### SR NNs

Executed through ~scripts/run_era5_evalute_and_transfer_learn_8.sh

In [1]:
# Should run with 650GB

In [None]:
import os
import gc
import sys
import json
import time
import numpy as np
import xarray as xr
import pandas as pd
import matplotlib.pyplot as plt

import matplotlib
matplotlib.use('PDF')

import tensorflow as tf
from tensorflow.keras.models import load_model
from tensorflow import nn 

## Transfer learn? ##
# tl_bool = bool(int(sys.argv[1]))
tl_bool = True

# Try 0,1,2 first!!
subset_exp = int(sys.argv[1])

# The number of samples in the TL training set. Cannot be less than 27.
number_horizontal_locations = 10**subset_exp
print(subset_exp)
# How long to re-train?
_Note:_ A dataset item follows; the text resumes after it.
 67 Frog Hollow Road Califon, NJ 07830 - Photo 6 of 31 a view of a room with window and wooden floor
Setting it to 40 minutes.
timeout = 40
# The original LR_INIT was 4.33e-4.
LR_INIT = 4.33e-4

# Run with SEED=10,20,30
SEED = int(sys.argv[2])

sys.path.insert(0, '~/workspace_icon-ml/cloud_cover_parameterization/')
import my_classes
from my_classes import read_mean_and_std
from my_classes import load_data
from my_classes import TimeOut

sys.path.insert(0, '~/workspace_icon-ml/symbolic_regression/')
from functions import add_derivatives
from functions import append_dict_to_json

num_cells = int(sys.argv[3])

In [None]:
PWD = '~/workspace_icon-ml/symbolic_regression/evaluate_schemes/on_era5/'

**Load data**

-- Takes 10 seconds per day <br>
-- 28 minutes for 172 days

In [None]:
# Takes 10-15 minutes. 150 GB suffice here.
order_of_vars = ['q', 'clwc', 'ciwc', 't', 'pa', 'u', 'v', 'zg', 'fr_land', 'cc']
data_dict = load_data(source='era5', days='all', order_of_vars=order_of_vars)
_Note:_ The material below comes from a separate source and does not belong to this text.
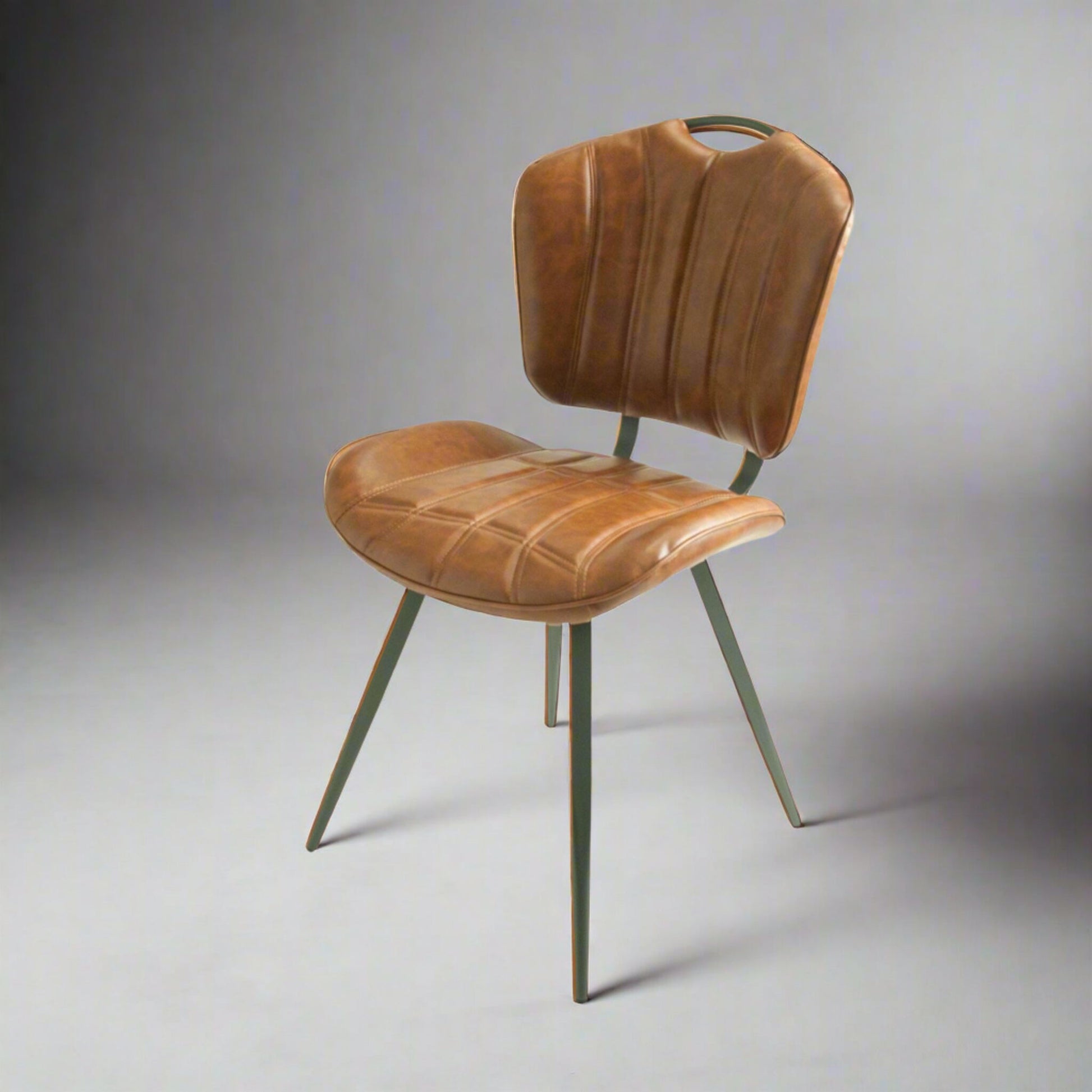 Turin Dining Chair Vegan Leather Steel Tan in studio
TIMESTEPS, VLAYERS, HFIELDS = data_dict['q'].shape

data_dict['fr_land'] = np.repeat(np.expand_dims(data_dict['fr_land'], axis=1), VLAYERS, axis=1)

In [30]:
# Add magnitude of horizontal wind
data_dict['U'] = np.sqrt(data_dict['u']**2 + data_dict['v']**2)
del data_dict['u']
del data_dict['v']

# Add RH
T0 = 273.15
r = 0.00263*data_dict['pa']*data_dict['q']*np.exp((17.67*(data_dict['t']-T0))/(data_dict['t']-29.65))**(-1)
data_dict['rh'] = r

# Add ps
ps = np.repeat(np.expand_dims(data_dict['pa'][:, -1], axis=1), VLAYERS, axis=1)
data_dict['ps'] = ps

# Removing four upper-most levels
for key in data_dict.keys():
    data_dict[key] = data_dict[key][:, 4:].copy()

# Data output
data_output = data_dict['cc']
del data_dict['cc']

In [None]:
# Requires another 133G: Requires 9.5G = 56G/(2*3) per folder
# Requires 15 - 20 minutes: Takes around one minute per folder. There are 14 folders
# --> Actually it runs much longer than expected! (> 45 minutes)

# Load derivatives
for folder in os.listdir('~/bd1179_work/ERA5/hvcg_data'):
    if folder.endswith('z'):
        # Initialize all_npy_files with empty tensor. It's important to specify the dtype here!
        all_npy_files = np.zeros((0, VLAYERS-4, HFIELDS), dtype=np.float32)
        
        # Load all filenames in the folder containing the derivatives. The filenames are sorted chronologically.
        npy_file_names = sorted(os.listdir(os.path.join('~/bd1179_work/ERA5/hvcg_data', folder)))        
        
        for file in npy_file_names:
            # Load three-hourly data and convert directly to float32
            npy_file = np.load('~/bd1179_work/ERA5/hvcg_data/%s/%s'%(folder,file), mmap_mode='r')
            npy_file = np.float32(npy_file[0::3].copy())
            all_npy_files = np.concatenate((all_npy_files, npy_file), axis=0)
        data_dict[folder] = all_npy_files

In [None]:
for key in data_dict.keys():
    print(data_dict[key].shape)

In [33]:
no_features = len(data_dict.keys())
data_dict.keys()

odict_keys(['q', 'clwc', 'ciwc', 't', 'pa', 'zg', 'fr_land', 'U', 'rh', 'ps', 'pa_z', 'pa_zz', 'ciwc_z', 'clwc_zz', 'clwc_z', 'U_zz', 'rh_z', 'q_zz', 'U_z', 'q_z', 't_z', 't_zz', 'rh_zz', 'ciwc_zz'])

**SR NN**

In [None]:
nn_path = '~/workspace_icon-ml/cloud_cover_parameterization/neighborhood_based_SR_DYAMOND/saved_models'

custom_objects = {}
custom_objects['leaky_relu'] = nn.leaky_relu

model_name = 'cross_validation_neighborhood_based_sr_cl_area_fold_2.h5'
model = load_model(os.path.join(nn_path, model_name), custom_objects)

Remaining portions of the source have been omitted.